Machine learning can assess the effectiveness of mathematical tools used to predict the movements of financial markets, according to new Cornell research based on the largest dataset ever used in this area.

The researchers' model could also predict future market movements, an extraordinarily difficult task because of markets' massive amounts of information and high volatility.

"What we were trying to do is bring the power of machine learning techniques to not only evaluate how well our current methods and models work, but also to help us extend these in a way that we never could do without machine learning," said Maureen O'Hara, the Robert W. Purcell Professor of Management at the SC Johnson College of Business.

O'Hara is co-author of "Microstructure in the Machine Age," published July 7 in The Review of Financial Studies.

"Trying to estimate these sorts of things using standard techniques gets very tricky, because the databases are so big. The beauty of machine learning is that it's a different way to analyze the data," O'Hara said. "The key thing we show in this paper is that in some cases, these microstructure features that attach to one contract are so powerful, they can predict the movements of other contracts.
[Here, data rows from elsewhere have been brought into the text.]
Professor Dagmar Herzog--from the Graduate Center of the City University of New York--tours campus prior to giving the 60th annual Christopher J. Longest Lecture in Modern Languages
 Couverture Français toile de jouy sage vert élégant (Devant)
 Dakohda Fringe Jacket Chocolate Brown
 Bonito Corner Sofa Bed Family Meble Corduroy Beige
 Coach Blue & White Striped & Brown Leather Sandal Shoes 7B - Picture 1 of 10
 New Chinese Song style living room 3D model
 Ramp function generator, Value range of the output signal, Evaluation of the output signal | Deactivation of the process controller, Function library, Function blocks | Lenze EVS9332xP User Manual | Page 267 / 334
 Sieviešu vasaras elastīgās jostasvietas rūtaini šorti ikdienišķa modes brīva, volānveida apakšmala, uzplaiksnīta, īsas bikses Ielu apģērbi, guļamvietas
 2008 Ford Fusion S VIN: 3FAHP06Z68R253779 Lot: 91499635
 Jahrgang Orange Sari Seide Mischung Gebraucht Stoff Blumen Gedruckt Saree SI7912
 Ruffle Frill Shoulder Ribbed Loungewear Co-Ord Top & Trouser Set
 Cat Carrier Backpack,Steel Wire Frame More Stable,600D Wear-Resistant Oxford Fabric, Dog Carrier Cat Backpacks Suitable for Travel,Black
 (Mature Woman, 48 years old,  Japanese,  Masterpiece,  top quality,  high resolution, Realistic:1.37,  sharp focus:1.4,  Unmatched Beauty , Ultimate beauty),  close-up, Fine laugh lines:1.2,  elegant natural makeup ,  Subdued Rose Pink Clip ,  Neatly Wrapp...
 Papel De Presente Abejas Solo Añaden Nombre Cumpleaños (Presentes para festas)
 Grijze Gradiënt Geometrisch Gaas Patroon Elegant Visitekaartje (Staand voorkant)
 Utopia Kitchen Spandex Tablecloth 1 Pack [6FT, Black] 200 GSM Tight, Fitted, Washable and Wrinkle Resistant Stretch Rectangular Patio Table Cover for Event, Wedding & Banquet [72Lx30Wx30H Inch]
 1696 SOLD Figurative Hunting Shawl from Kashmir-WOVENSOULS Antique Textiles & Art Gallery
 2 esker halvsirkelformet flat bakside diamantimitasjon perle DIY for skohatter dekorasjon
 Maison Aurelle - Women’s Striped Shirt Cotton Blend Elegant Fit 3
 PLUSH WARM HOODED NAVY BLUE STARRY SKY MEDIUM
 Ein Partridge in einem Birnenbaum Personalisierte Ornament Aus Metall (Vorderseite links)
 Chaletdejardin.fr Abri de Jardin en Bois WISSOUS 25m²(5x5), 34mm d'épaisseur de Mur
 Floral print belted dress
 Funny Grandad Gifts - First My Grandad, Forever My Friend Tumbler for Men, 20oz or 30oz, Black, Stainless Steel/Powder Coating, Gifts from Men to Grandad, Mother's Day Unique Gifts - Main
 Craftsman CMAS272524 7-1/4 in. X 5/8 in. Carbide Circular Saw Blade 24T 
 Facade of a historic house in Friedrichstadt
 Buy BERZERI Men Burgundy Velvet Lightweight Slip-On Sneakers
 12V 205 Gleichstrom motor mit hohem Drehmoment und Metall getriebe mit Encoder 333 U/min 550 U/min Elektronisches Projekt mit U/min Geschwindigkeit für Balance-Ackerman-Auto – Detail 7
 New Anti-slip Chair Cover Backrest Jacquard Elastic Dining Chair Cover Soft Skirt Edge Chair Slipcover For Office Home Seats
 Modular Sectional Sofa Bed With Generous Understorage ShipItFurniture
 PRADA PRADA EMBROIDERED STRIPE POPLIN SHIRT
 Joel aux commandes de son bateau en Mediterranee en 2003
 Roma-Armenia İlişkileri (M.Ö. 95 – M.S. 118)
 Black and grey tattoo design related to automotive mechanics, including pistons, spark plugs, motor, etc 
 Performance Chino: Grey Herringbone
So we can pick up the patterns of how markets affect other markets, which is very difficult to do using standard tools."

Markets generate vast amounts of data, and billions of dollars are at stake in mining that data for patterns to shed light on future market behavior. Companies on Wall Street and elsewhere employ various algorithms, examining different variables and factors, to find such patterns and predict the future.

In the study, the researchers used what's known as a random forest machine learning algorithm to better understand the effectiveness of some of these models. They assessed the tools using a dataset of 87 futures contracts -- agreements to buy or sell assets in the future at predetermined prices.

"Our sample is basically all active futures contracts around the world for five years, and we use every single trade -- tens of millions of them -- in our analysis," O'Hara said. "What we did is use machine learning to try to understand how well microstructure tools developed for less complex market settings work to predict the future price process both within a contract and then collectively across contracts. We find that some of the variables work very, very well -- and some of them not so great."

Machine learning has long been used in finance, but typically as a so-called "black box" -- in which an artificial intelligence algorithm uses reams of data to predict future patterns but without revealing how it makes its determinations. This method can be effective in the short term, O'Hara said, but sheds little light on what actually causes market patterns.

"Our use for machine learning is: I have a theory about what moves markets, so how can I test it?" she said. "How can I really understand whether my theories are any good? And how can I use what I learned from this machine learning approach to help me build better models and understand things that I can't model because it's too complex?"

Huge amounts of historical market data are available -- every trade has been recorded since the 1980's -- and vast volumes of information are generated every day. Increased computing power and greater availability of data have made it possible to perform more fine-grained and comprehensive analyses, but these datasets, and the computing power needed to analyze them, can be prohibitively expensive for scholars.

In this research, finance industry practitioners partnered with the academic researchers to provide the data and the computers for the study as well as expertise in machine learning algorithms used in practice.

"This partnership brings benefits to both," said O'Hara, adding that the paper is one in a line of research she, Easley and Lopez de Prado have completed over the last decade. "It allows us to do research in ways generally unavailable to academic researchers."